◆ Assignment
Could you please reproduce every record below exactly, leaving out the pictures?

**** Dataset content ****

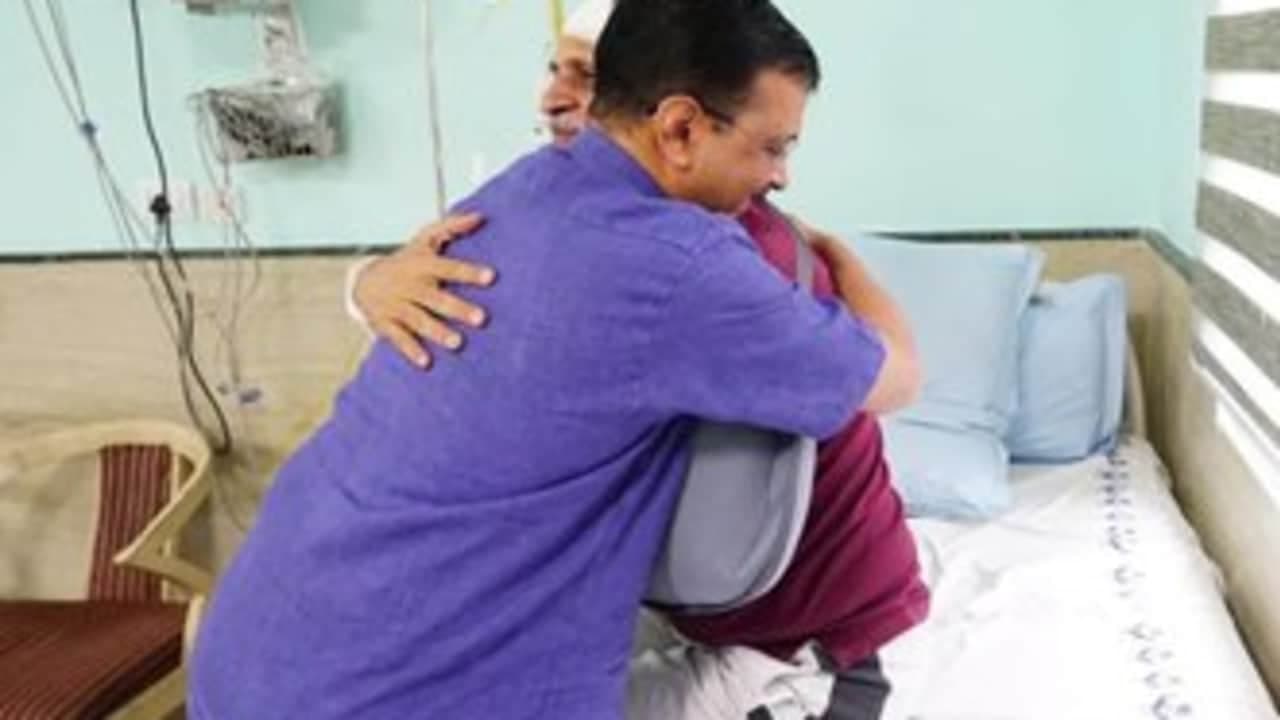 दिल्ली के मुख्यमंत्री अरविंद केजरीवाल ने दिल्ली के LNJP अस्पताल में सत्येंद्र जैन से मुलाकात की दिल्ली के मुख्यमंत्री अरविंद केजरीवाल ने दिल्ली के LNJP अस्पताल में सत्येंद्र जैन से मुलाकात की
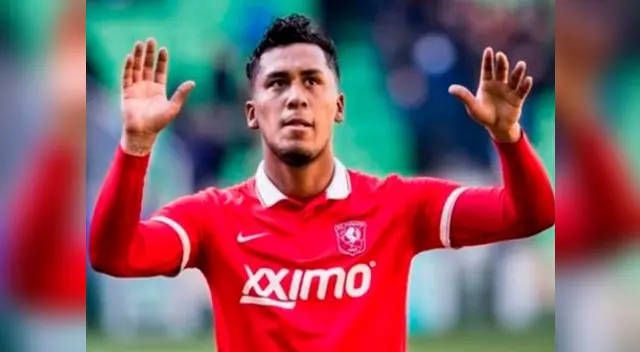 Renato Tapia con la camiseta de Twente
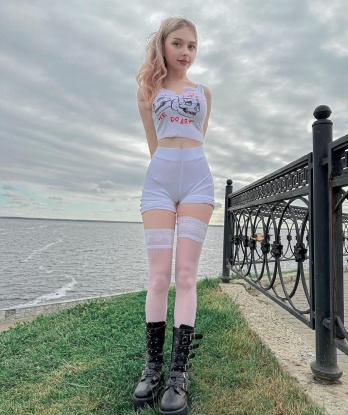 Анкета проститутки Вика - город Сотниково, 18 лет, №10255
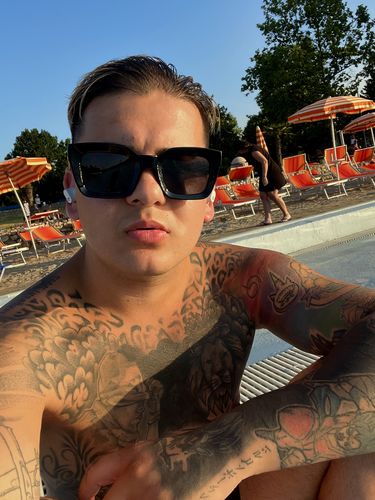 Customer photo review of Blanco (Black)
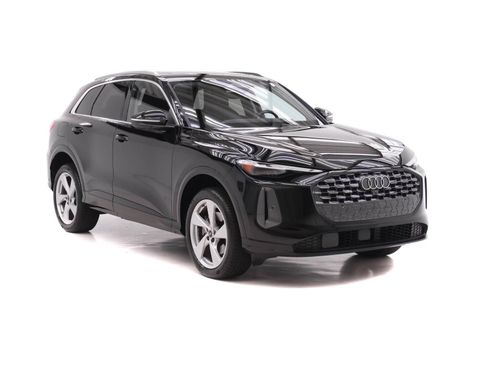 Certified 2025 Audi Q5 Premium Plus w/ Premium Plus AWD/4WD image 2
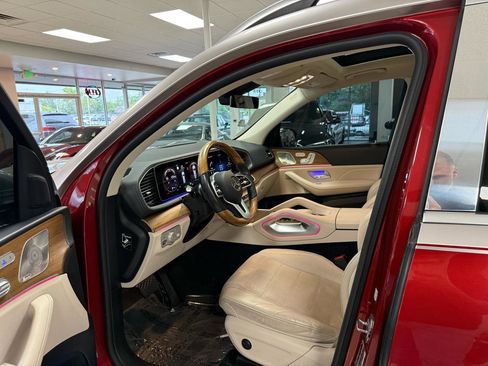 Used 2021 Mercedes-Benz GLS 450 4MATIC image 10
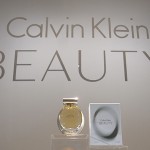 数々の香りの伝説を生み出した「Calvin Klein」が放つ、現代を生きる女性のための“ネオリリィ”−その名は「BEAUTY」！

****

◆ Exercise result
 दिल्ली के मुख्यमंत्री अरविंद केजरीवाल ने दिल्ली के LNJP अस्पताल में सत्येंद्र जैन से मुलाकात की दिल्ली के मुख्यमंत्री अरविंद केजरीवाल ने दिल्ली के LNJP अस्पताल में सत्येंद्र जैन से मुलाकात की
 Renato Tapia con la camiseta de Twente
 Анкета проститутки Вика - город Сотниково, 18 лет, №10255
 Customer photo review of Blanco (Black)
 Certified 2025 Audi Q5 Premium Plus w/ Premium Plus AWD/4WD image 2
 Used 2021 Mercedes-Benz GLS 450 4MATIC image 10
 数々の香りの伝説を生み出した「Calvin Klein」が放つ、現代を生きる女性のための“ネオリリィ”−その名は「BEAUTY」！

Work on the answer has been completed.